„Ich interessiere mich für intrinsische Reaktivität“
Junge Gruppenleiterin entwickelt neue Konzepte in der physikalisch-organischen Chemie
Guanqi Qiu arbeitet seit kurzem als Nachwuchsgruppenleiterin am Max-Planck-Institut für Kohlenforschung. Die 31-jährige Chemikerin erklärt, was sie mit ihrer neuen Forschungsgruppe, die sowohl theoretisch als auch experimentell arbeitet, erreichen möchte.

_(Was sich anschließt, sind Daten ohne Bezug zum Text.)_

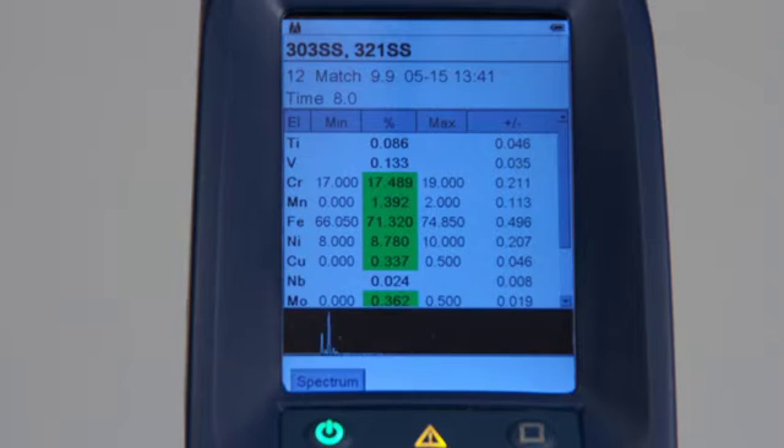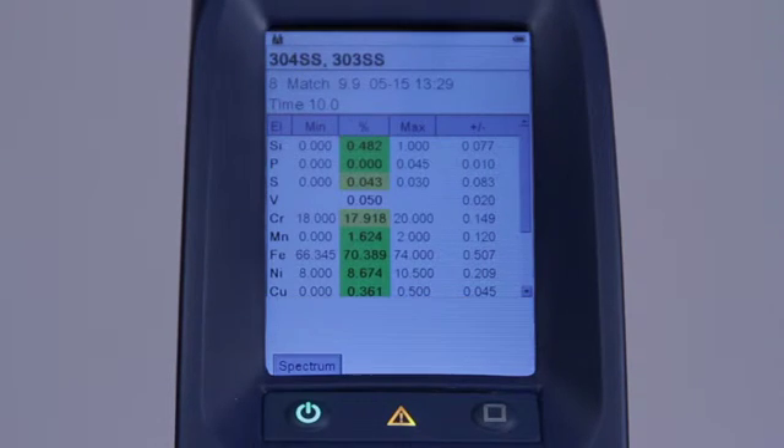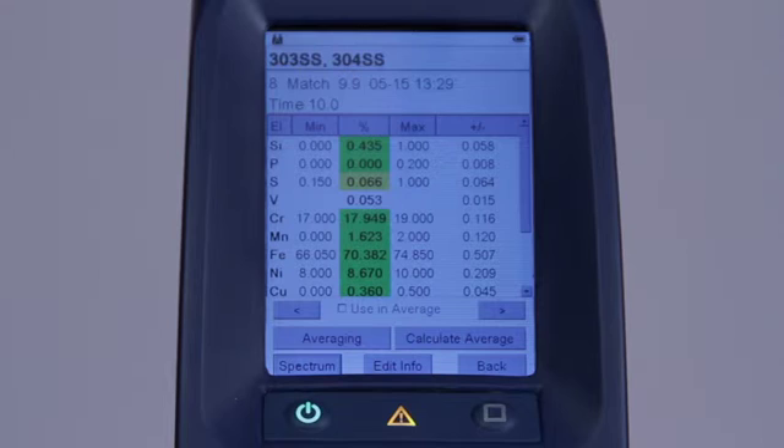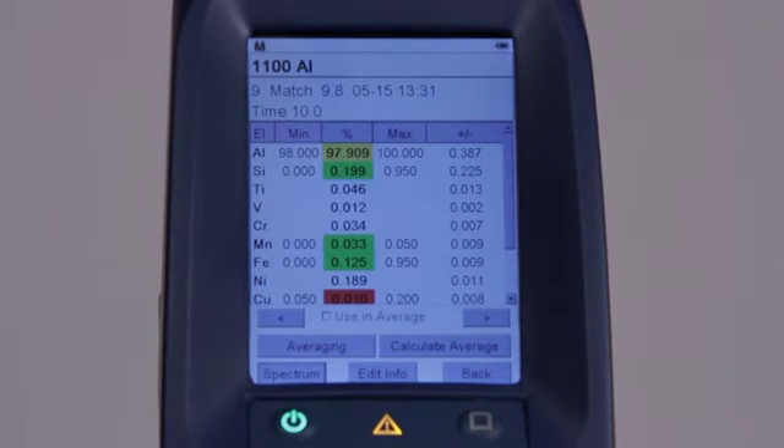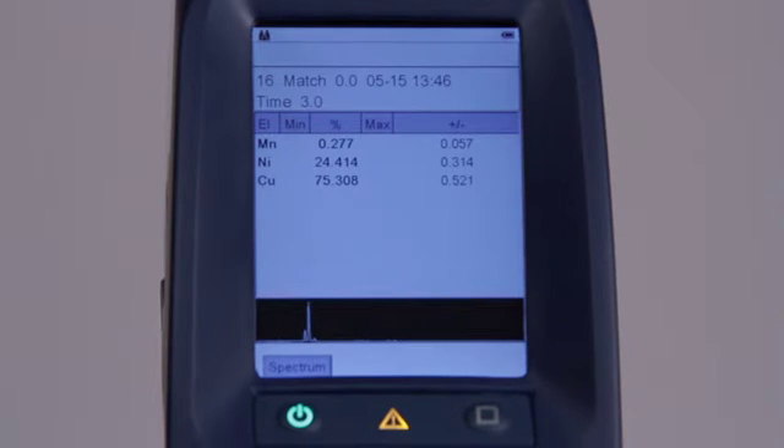When an element is defined within a grade, the analyzed value for that element is compared with the grade limits. When the assay is within the grade limits, the assay will be highlighted green. If the assay is outside the grade limits but within the range defined by adding two times the standard deviation to the grade definition, the assay is highlighted in yellow. If the assay is outside of the range, even when considering the standard deviation, it's highlighted in red. If the display setting is none, the display will be similar to the above but without the grade ID on the first line or the grade limits in the second and fourth columns. In addition, no color codes will be applied to the assay.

Wer mit Guanqi Qiu über Chemie spricht, merkt schnell, dass die 31-jährige Wissenschaftlerin mit Leidenschaft bei der Sache ist. Die junge Frau, die in Singapur und Großbritannien studiert und in den USA promoviert hat, hat vor kurzem ihre eigene Forschungsgruppe am Max-Planck-Institut für Kohlenforschung gegründet. Sie wird ein neues Forschungsprogramm, Fundamental Principles of Organic Reactivity, im allgemeinen Bereich der physikalischen organischen Chemie aufbauen. Sie nimmt sich damit einer ungewöhnlichen Kombination aus Forschungsumfang und Philosophie dahinter an.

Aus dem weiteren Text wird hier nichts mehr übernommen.